Ms Richardson, a nurse, bought her flat in Streatham, south London, with a friend in July 1988. They took out a 100 per cent mortgage with the Nationwide Building Society for the pounds 62,950 purchase price.

'Shaun never lived in the flat, we bought it as an investment,' Ms Richardson said. 'The understanding was that we would keep it for a couple of years and then sell it. A friend moved in and the rent was offset against Shaun's contribution to the mortgage repayments. Shaun agreed to pay the excess.

'Gradually he stopped paying, or the cheques he gave me bounced. Eventually I tried to contact him. I found out that he had broken up with his girlfriend and no longer worked for the same employer.'

Her efforts to contact him have failed. She said: 'I continued to pay his share of the mortgage because I was frightened the flat would be repossessed.'

She now wants to sell the flat, but legally needs Shaun's consent before a sale can go ahead. If Shaun cannot be traced, according to Denzil Lush, a consultant and solicitor with Anstey Sargent & Probert, an Exeter law firm, Ms Richardson should apply to the court to approve a sale under section 30 of the Law of Property Act 1925. It states that if one owner refuses to agree to a sale 'any person interested may apply to the court for a vesting order or other order for giving effect to the proposed transaction'.
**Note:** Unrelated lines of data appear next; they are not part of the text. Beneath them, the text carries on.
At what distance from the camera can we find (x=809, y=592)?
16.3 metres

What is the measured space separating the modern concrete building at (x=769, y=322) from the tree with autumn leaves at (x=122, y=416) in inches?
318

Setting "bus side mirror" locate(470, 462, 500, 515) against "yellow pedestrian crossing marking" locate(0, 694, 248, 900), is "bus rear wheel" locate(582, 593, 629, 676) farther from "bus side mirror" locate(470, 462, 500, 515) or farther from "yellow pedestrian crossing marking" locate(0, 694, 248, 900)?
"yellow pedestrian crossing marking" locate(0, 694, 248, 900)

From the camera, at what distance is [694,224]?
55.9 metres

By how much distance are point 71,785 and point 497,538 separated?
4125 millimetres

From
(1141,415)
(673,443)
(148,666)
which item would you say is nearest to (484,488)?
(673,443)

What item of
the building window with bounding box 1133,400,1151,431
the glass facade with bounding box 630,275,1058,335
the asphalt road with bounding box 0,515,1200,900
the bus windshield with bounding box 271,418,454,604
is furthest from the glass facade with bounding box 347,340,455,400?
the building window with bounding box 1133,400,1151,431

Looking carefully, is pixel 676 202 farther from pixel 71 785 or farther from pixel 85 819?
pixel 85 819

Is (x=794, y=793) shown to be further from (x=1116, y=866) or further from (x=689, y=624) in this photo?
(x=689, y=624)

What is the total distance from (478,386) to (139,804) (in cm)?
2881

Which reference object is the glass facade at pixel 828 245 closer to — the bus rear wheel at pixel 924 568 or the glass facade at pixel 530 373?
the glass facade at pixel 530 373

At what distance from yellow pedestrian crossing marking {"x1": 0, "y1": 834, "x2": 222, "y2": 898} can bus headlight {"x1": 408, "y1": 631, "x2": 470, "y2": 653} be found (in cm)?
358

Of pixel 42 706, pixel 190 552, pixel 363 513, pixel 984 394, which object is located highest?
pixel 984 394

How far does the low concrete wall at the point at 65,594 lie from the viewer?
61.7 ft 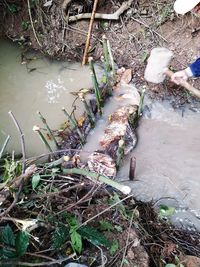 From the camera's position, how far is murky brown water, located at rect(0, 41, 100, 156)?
14.2 ft

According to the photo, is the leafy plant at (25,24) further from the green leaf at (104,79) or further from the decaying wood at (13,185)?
the decaying wood at (13,185)

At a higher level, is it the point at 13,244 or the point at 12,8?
the point at 12,8

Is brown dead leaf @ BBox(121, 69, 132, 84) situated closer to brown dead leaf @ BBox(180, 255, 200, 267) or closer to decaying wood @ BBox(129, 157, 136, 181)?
decaying wood @ BBox(129, 157, 136, 181)

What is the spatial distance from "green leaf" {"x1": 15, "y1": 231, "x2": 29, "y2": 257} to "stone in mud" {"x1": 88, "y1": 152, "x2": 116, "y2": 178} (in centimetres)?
141

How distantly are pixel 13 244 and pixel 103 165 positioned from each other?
1.52m

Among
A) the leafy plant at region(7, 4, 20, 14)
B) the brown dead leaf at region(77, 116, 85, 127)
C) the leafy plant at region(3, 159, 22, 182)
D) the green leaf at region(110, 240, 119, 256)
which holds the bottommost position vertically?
the green leaf at region(110, 240, 119, 256)

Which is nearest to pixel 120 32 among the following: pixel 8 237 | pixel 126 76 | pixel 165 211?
pixel 126 76

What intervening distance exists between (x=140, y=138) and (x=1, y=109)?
1776mm

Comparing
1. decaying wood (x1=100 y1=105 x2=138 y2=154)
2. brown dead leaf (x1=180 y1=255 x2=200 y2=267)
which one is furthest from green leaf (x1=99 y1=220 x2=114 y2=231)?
decaying wood (x1=100 y1=105 x2=138 y2=154)

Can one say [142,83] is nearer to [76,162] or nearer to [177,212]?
[76,162]

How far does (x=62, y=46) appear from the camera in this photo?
5172mm

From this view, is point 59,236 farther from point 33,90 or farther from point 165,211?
point 33,90

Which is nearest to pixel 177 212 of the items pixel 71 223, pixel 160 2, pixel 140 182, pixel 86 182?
pixel 140 182

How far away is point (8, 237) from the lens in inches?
93.4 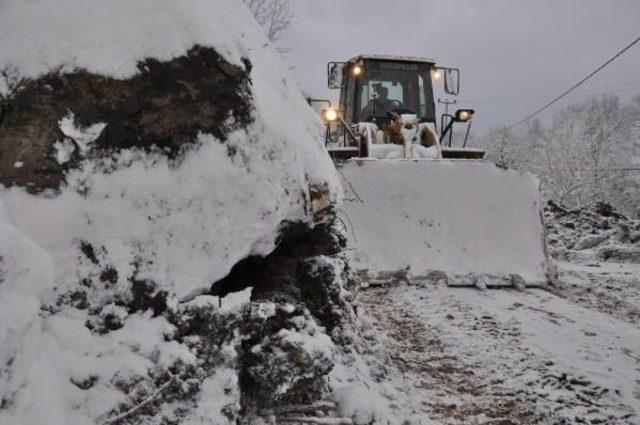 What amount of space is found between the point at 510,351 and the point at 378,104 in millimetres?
4832

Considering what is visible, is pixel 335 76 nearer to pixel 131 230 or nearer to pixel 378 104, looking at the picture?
pixel 378 104

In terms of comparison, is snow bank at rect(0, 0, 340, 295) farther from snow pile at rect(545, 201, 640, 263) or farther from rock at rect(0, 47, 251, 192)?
snow pile at rect(545, 201, 640, 263)

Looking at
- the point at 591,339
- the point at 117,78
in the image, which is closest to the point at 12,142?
the point at 117,78

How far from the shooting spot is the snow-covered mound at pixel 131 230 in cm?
148

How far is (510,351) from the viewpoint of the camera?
10.2 feet

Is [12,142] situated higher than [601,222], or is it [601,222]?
[12,142]

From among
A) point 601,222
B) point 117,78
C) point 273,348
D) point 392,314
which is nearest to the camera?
point 117,78

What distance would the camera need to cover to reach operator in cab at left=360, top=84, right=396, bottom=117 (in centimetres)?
719

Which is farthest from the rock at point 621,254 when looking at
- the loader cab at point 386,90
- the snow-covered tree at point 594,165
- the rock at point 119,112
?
the snow-covered tree at point 594,165

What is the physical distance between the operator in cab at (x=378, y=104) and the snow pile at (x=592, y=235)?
3.87 metres

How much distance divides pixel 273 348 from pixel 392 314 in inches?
85.0

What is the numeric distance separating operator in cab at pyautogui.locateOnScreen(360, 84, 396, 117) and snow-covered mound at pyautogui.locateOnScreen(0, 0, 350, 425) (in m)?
5.14

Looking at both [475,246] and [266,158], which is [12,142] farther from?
[475,246]

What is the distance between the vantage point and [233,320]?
73.8 inches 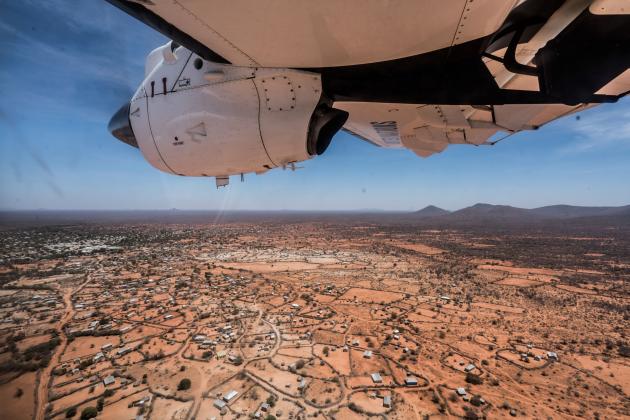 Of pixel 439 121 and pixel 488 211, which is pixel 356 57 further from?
pixel 488 211

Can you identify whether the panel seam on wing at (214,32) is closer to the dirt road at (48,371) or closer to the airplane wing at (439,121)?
the airplane wing at (439,121)

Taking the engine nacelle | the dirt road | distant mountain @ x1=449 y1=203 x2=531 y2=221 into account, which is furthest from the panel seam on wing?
distant mountain @ x1=449 y1=203 x2=531 y2=221

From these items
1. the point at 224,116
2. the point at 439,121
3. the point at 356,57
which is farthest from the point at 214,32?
the point at 439,121

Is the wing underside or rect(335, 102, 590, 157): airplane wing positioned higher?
rect(335, 102, 590, 157): airplane wing

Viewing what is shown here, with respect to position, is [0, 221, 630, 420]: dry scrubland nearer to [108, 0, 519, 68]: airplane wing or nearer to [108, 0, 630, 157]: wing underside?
[108, 0, 630, 157]: wing underside

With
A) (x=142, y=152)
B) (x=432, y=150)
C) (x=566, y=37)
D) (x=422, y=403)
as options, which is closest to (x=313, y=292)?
(x=422, y=403)

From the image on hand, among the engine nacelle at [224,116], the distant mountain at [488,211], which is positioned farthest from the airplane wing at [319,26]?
the distant mountain at [488,211] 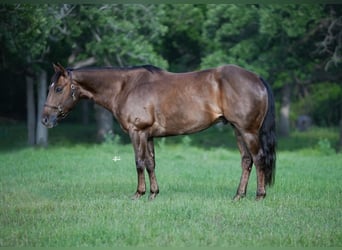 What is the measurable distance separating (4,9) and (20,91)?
9.63 metres

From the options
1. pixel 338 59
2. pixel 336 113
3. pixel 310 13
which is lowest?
pixel 336 113

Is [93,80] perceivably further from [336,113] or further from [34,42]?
[336,113]

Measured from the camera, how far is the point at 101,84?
8.99m

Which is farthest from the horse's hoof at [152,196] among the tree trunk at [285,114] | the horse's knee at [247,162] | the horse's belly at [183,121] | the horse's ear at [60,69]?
the tree trunk at [285,114]

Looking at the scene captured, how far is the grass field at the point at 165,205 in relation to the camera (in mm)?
6332

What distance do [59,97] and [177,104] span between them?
1669 mm

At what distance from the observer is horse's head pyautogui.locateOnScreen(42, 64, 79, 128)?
8820mm

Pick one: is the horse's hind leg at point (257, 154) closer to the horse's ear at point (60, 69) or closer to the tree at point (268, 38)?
the horse's ear at point (60, 69)

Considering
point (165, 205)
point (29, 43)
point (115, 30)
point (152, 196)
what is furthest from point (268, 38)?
point (165, 205)

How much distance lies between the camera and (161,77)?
8.88 meters

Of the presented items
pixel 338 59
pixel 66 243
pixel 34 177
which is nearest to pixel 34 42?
pixel 34 177

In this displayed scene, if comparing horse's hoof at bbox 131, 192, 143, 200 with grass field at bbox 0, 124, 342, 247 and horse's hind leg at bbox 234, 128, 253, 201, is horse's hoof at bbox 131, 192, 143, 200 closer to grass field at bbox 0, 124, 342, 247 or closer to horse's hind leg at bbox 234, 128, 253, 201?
grass field at bbox 0, 124, 342, 247

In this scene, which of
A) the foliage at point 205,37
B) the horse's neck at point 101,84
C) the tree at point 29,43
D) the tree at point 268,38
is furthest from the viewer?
the tree at point 268,38

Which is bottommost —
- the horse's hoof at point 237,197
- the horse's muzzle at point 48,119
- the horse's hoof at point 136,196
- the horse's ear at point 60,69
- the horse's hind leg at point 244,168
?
the horse's hoof at point 136,196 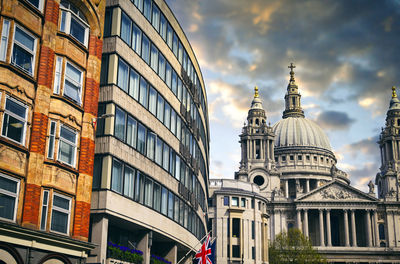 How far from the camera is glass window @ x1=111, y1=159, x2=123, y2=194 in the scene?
1378 inches

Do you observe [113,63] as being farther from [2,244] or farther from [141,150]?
[2,244]

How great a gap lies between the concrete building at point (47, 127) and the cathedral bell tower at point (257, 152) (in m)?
126

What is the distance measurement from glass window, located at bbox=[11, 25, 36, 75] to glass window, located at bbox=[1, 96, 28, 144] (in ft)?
6.72

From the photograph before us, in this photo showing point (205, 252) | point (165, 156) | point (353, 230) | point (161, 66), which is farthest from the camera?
point (353, 230)

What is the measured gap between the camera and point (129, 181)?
37219 millimetres

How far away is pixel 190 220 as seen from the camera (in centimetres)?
5278

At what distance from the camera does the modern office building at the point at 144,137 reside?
115 ft

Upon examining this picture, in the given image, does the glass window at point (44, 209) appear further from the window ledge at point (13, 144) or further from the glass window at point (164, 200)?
the glass window at point (164, 200)

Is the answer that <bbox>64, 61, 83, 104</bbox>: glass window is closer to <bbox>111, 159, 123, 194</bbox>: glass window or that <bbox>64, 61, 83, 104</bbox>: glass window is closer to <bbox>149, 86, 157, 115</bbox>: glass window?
<bbox>111, 159, 123, 194</bbox>: glass window

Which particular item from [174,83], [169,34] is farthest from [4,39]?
[174,83]

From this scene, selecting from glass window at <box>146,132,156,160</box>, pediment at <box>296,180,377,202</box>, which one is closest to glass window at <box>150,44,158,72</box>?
→ glass window at <box>146,132,156,160</box>

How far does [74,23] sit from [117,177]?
10013mm

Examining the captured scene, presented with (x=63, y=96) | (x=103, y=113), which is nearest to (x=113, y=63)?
(x=103, y=113)

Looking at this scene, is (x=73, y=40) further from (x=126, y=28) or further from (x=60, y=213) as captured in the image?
(x=60, y=213) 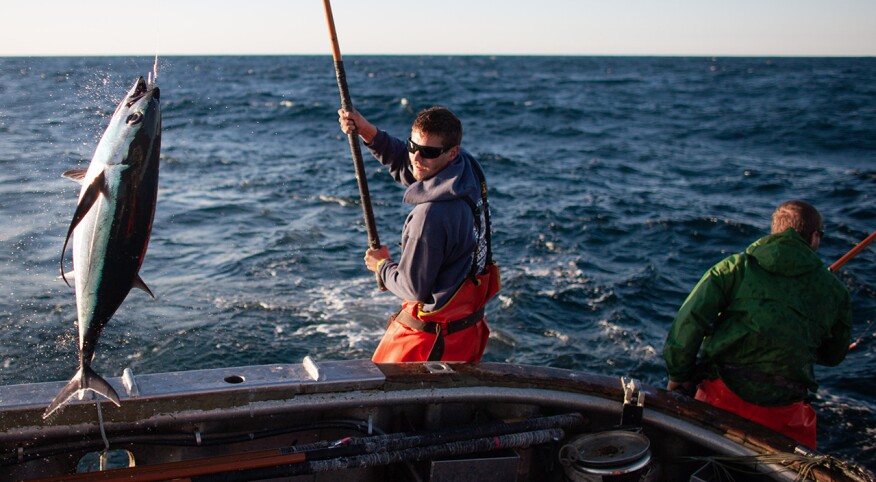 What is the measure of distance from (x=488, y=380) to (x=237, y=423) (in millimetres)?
1305

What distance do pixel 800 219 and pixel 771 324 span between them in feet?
2.21

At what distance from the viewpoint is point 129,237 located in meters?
2.83

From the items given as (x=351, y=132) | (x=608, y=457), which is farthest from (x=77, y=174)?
(x=608, y=457)

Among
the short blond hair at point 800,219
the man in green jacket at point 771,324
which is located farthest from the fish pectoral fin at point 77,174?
the short blond hair at point 800,219

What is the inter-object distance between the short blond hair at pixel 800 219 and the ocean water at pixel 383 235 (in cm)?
307

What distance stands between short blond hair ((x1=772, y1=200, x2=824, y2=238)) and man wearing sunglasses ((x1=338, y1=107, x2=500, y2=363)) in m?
1.80

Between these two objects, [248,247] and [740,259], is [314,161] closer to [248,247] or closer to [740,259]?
[248,247]

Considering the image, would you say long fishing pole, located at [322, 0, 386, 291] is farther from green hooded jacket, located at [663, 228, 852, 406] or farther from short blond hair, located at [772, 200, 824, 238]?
short blond hair, located at [772, 200, 824, 238]

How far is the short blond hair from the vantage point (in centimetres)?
449

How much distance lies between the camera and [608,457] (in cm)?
365

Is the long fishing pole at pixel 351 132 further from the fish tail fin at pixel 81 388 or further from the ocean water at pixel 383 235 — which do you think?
the fish tail fin at pixel 81 388

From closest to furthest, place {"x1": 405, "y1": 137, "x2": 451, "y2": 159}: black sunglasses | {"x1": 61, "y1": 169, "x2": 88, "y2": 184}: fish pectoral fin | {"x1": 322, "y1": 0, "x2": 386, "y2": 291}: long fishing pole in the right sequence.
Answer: {"x1": 61, "y1": 169, "x2": 88, "y2": 184}: fish pectoral fin, {"x1": 405, "y1": 137, "x2": 451, "y2": 159}: black sunglasses, {"x1": 322, "y1": 0, "x2": 386, "y2": 291}: long fishing pole

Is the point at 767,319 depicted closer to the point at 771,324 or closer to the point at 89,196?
the point at 771,324

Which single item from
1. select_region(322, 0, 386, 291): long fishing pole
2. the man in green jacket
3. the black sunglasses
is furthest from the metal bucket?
the black sunglasses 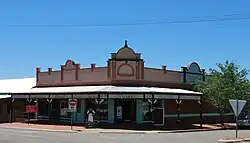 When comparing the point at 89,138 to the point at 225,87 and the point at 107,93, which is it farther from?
the point at 225,87

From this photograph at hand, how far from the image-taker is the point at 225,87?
4031 cm

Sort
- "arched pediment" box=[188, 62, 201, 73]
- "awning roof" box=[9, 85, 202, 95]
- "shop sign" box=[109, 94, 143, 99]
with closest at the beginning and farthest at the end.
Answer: "shop sign" box=[109, 94, 143, 99] < "awning roof" box=[9, 85, 202, 95] < "arched pediment" box=[188, 62, 201, 73]

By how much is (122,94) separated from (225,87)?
36.1 feet

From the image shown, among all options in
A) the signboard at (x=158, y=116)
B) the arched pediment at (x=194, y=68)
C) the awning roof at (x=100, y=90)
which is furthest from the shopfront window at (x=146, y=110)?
the arched pediment at (x=194, y=68)

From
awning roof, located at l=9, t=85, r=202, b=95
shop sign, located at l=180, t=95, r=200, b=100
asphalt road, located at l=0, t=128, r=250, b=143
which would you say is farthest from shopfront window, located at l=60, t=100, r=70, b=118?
asphalt road, located at l=0, t=128, r=250, b=143

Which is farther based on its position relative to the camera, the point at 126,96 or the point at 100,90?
the point at 100,90

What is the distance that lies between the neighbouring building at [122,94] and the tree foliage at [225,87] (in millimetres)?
1374

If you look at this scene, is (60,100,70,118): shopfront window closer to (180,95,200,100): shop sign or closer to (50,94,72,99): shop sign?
(50,94,72,99): shop sign

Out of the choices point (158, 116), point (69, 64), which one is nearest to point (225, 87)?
point (158, 116)

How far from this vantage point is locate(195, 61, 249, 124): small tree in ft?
131

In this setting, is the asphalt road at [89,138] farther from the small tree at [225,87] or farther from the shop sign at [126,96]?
the small tree at [225,87]

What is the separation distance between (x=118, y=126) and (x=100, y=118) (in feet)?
9.35

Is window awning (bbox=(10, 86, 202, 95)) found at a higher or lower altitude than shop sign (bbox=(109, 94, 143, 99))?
higher

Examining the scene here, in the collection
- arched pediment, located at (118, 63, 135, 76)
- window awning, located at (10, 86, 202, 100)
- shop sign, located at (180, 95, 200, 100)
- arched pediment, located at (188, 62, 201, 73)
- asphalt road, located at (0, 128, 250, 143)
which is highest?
arched pediment, located at (188, 62, 201, 73) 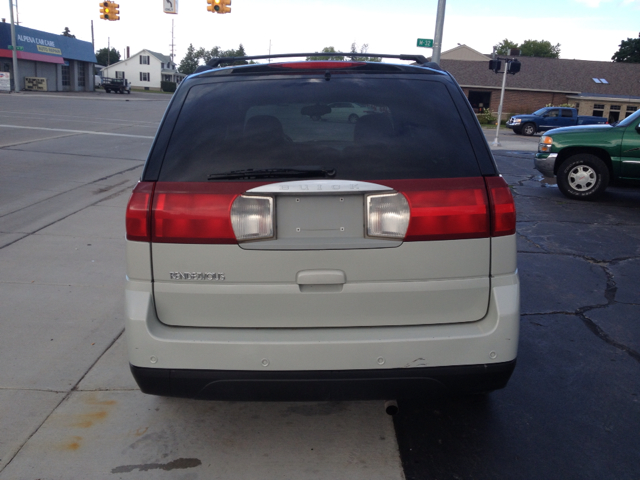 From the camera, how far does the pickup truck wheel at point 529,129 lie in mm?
32969

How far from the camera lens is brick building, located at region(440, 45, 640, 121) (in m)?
49.6

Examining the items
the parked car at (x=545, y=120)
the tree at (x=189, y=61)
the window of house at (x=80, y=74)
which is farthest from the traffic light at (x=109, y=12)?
the tree at (x=189, y=61)

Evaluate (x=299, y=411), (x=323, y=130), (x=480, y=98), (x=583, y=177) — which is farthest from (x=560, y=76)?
(x=323, y=130)

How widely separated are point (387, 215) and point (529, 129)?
3312cm

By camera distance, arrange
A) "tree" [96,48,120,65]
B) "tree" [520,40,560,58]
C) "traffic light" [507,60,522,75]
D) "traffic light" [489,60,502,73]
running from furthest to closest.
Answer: "tree" [96,48,120,65], "tree" [520,40,560,58], "traffic light" [489,60,502,73], "traffic light" [507,60,522,75]

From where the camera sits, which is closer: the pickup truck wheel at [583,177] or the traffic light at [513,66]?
the pickup truck wheel at [583,177]

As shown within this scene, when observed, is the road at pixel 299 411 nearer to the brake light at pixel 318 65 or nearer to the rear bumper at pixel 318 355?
the rear bumper at pixel 318 355

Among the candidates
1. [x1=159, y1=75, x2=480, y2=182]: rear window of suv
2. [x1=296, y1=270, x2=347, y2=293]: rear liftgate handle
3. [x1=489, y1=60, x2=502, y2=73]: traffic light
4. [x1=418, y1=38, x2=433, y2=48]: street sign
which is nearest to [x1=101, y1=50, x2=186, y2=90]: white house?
[x1=489, y1=60, x2=502, y2=73]: traffic light

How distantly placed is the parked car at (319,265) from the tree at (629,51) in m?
100

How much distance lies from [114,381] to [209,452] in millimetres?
1001

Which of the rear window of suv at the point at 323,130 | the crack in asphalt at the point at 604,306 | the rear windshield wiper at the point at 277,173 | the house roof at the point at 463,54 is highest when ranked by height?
the house roof at the point at 463,54

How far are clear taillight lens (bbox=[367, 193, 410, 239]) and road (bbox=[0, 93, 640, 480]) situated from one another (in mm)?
1189

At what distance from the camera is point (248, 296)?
251 centimetres

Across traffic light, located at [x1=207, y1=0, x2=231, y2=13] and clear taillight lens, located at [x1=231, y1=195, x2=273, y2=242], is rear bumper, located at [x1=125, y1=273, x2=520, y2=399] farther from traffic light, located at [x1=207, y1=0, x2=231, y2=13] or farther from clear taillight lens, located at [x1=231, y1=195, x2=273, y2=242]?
traffic light, located at [x1=207, y1=0, x2=231, y2=13] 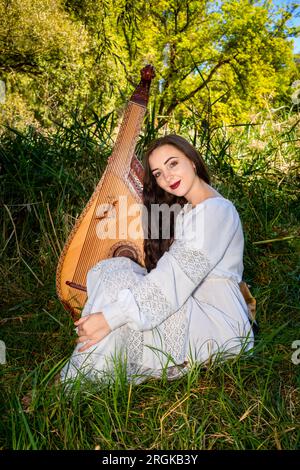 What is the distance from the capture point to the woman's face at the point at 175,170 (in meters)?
2.16

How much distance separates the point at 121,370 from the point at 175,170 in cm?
82

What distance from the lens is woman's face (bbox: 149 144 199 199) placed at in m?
2.16

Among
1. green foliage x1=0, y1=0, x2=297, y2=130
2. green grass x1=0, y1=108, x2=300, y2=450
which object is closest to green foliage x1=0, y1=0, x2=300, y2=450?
green grass x1=0, y1=108, x2=300, y2=450

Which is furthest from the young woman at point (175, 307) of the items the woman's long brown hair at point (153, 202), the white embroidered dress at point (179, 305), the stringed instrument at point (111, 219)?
the stringed instrument at point (111, 219)

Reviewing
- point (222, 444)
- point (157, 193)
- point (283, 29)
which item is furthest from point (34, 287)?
point (283, 29)

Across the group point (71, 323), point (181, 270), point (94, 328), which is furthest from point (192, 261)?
point (71, 323)

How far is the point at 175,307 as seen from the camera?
6.12ft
Mr Lush advises co-owners in disputes to avoid going to court if possible: 'Litigation is often time-consuming and expensive.' A legally binding agreement made before two or more people buy a property together can obviate legal action. It should set out the circumstances in which one co-owner has the right to sell and what happens if a party dies or becomes unemployed. It should also cover buy-outs, making clear who has priority.

Valuing each owner's share is often the greatest problem. Mr Lush advises that the agreement gives each party floating rather than fixed shares as each owner's contribution to the property can be taken into account until the time of the sale.

Andrew Scott, a partner with Lane Fox, a London firm of surveyors, said: 'The relationship between the two parties will very much determine the extent to which costly professional advice should be taken. Unless the relationship is close and amicable, I would consider it imprudent to transfer an interest without property valuation advice, a structural survey and, in the case of leasehold property, landlord's consent.'

If the relationship is amicable and the property in good repair, Mr Scott thinks an informal verbal opinion from four estate agents should be sufficient. 'Estate agents will normally give advice without charge. The best approach is to tell the agent the situation in order that the figure you are given represents his view of the actual selling price, as opposed to the asking price, which could be perhaps 10 per cent higher.'

If the co-owners' relationship has deteriorated, each party should appoint his or her own valuer. This route is more formal and also more expensive. Whatever the route, the buying party should ensure a full structural survey is carried out before the sale is completed. 'Any property may have developed serious structural defects. This could leave the buyer with a substantial financial burden, which should be taken into account when agreeing a purchase price,' Mr Scott said.

Denzil Lush is author of 'Co-habitation and Co-ownership Precedents', which is to be published next month.